Pílulas Literárias #17 - Quimeras

Certa ocasião, alguém disse que tudo eram "quimeras que se dissipariam como as nuvens".


Na minha quase adolescência fiquei olhando para o céu a procura dela: céu límpido, sol abrasador.


No fim daquela tarde, imensas nuvens negras cobriram-no. A ventania arrancava o zinco dos telhados que voavam com folhas de papel. Algum tempo depois, tudo cessou, e o céu ficou límpido, totalmente estrelado. Ficou em mim o conceito de quimera como da tempestade que surge do nada e se vai deixando para trás a destruição, porém uma noite fresca, com cheiro de terra molhada e o faiscar das estrelas.

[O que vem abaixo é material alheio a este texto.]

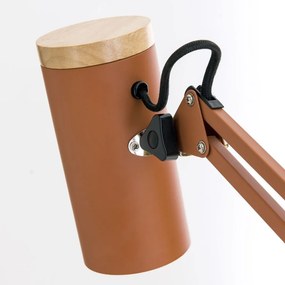 Lampa cu brat articulat si sistem de prindere masa, Gili rosu coral
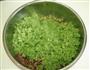 芹菜牛肉水饺的做法图解5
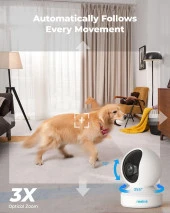 Reolink İç Mekan Güvenlik Kamerası, 5MP Süper HD Takılabilir WiFi Kamera - 3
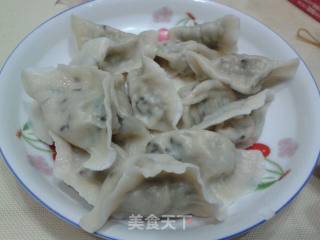韭菜猪肉水饺的做法步骤：15
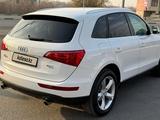Audi Q5 2009 года за 8 300 000 тг. в Шымкент – фото 5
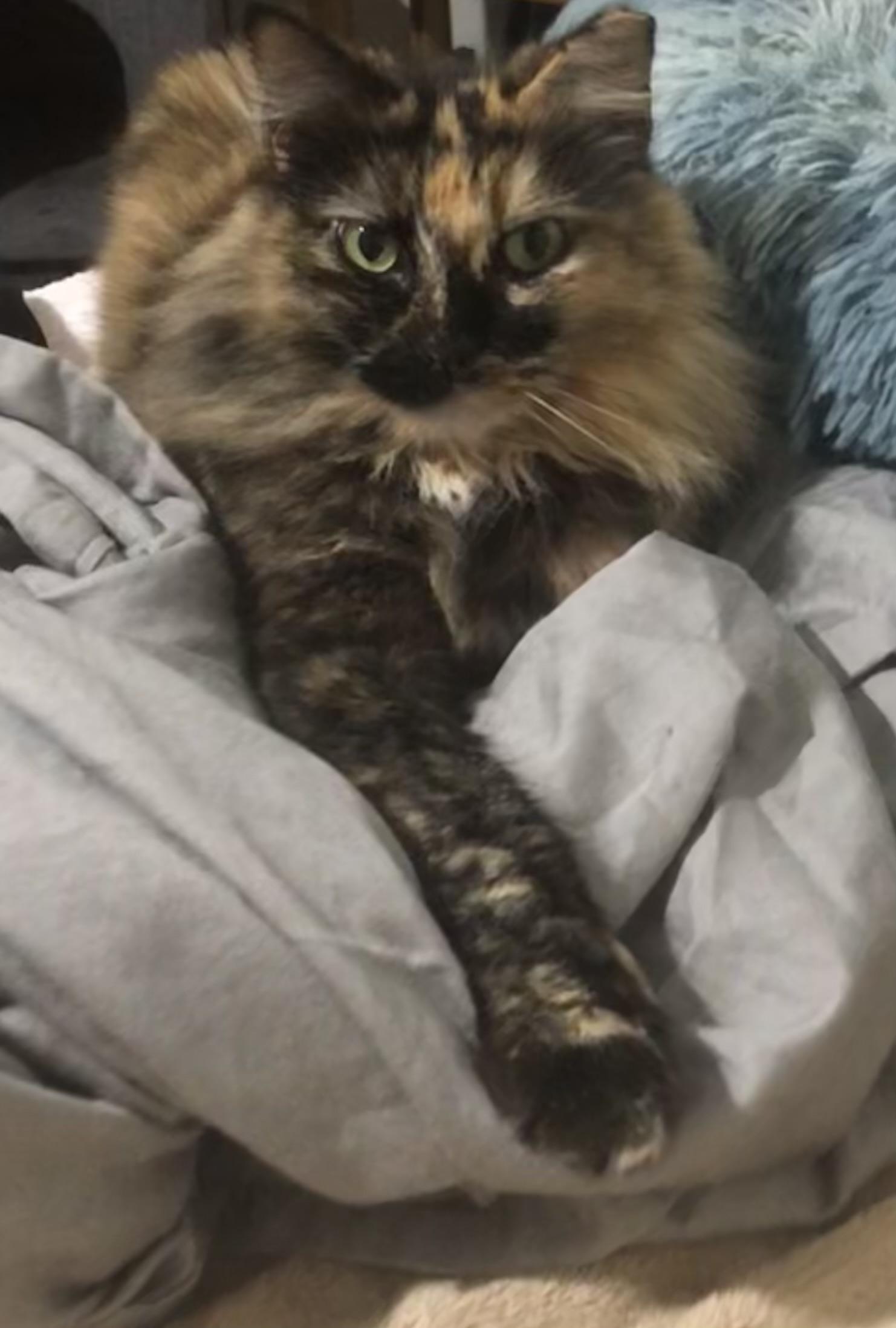 Enlarge FlufferNutter, a Adoptable Domestic Medium Hair in Lantana, FL image 6/6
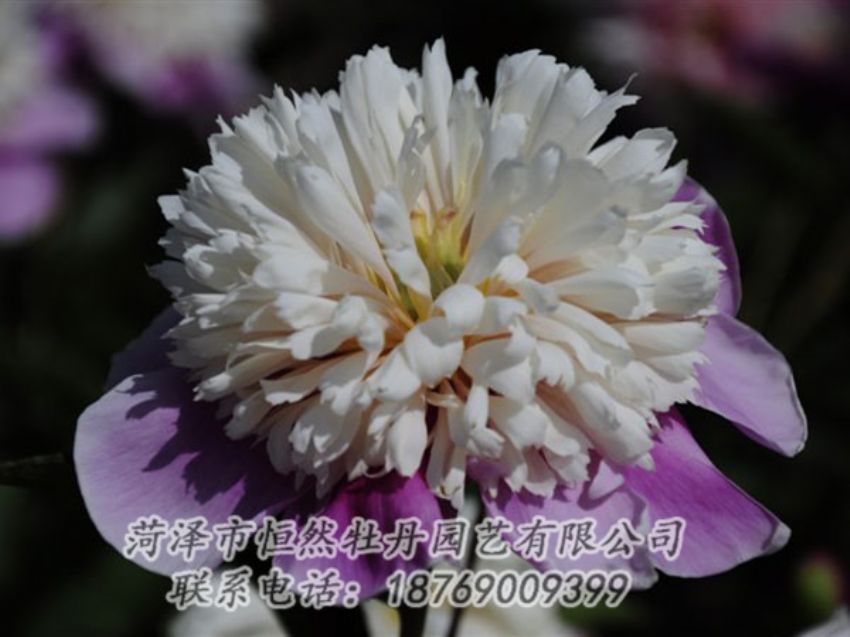 点击查看详细信息<br>标题：复色芍药 阅读次数：1230
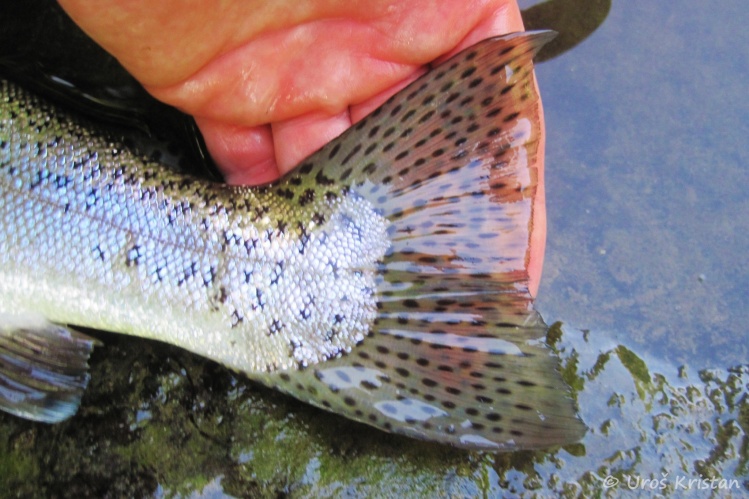 Strong tail of large rainbow trout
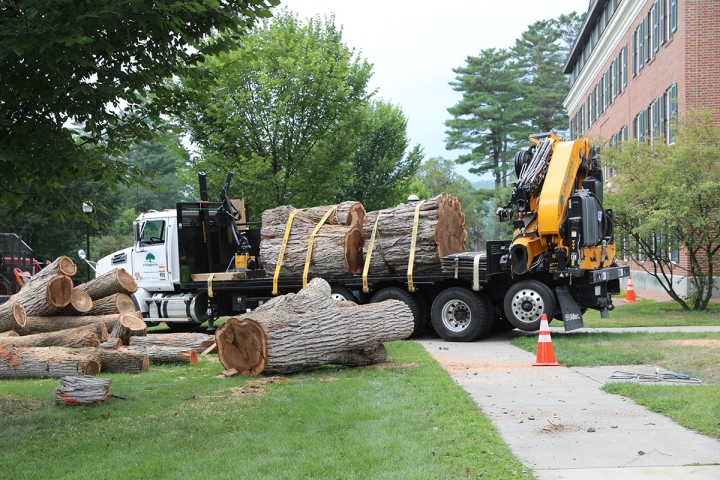 A truck with the elm tree strapped to the bed, and a logging truck to the left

Adulto, ouvi novamente a expressão que ficará gravada na minha mente e, por curiosidade, procurei a sua origem, e porque meu conceito ainda era o do dilúvio precedendo o frescor da noite.


Só após este mergulho arqueológico no significado da palavra é que tomei conhecimento que me deixei levar pela natureza, conduzindo-me para a visão grega do Deus com cabeça e corpo de leão, rabo de serpente e duas cabeças laterais, de dragão e de cabra.


Compreendi que "quimera" não passava de um delírio, um sonho. Entendi também que poderia ser nossa luta com a força do leão, a paciência da serpente pra dar seu bote, a energia do dragão, e a passividade da cabra.


Entendi que quimera no conceito usual é sinônimo de utopia, de delírio mesmo. Com o passar do tempo compreendi que sonhos não são quimeras que se desfazem como nuvens, porque a quimera grega que está dentro de nós poderá transformá-la em realidade.


Não tenham medo de suas QUIMERAS, depende de cada um transformá-la e concretizá-la.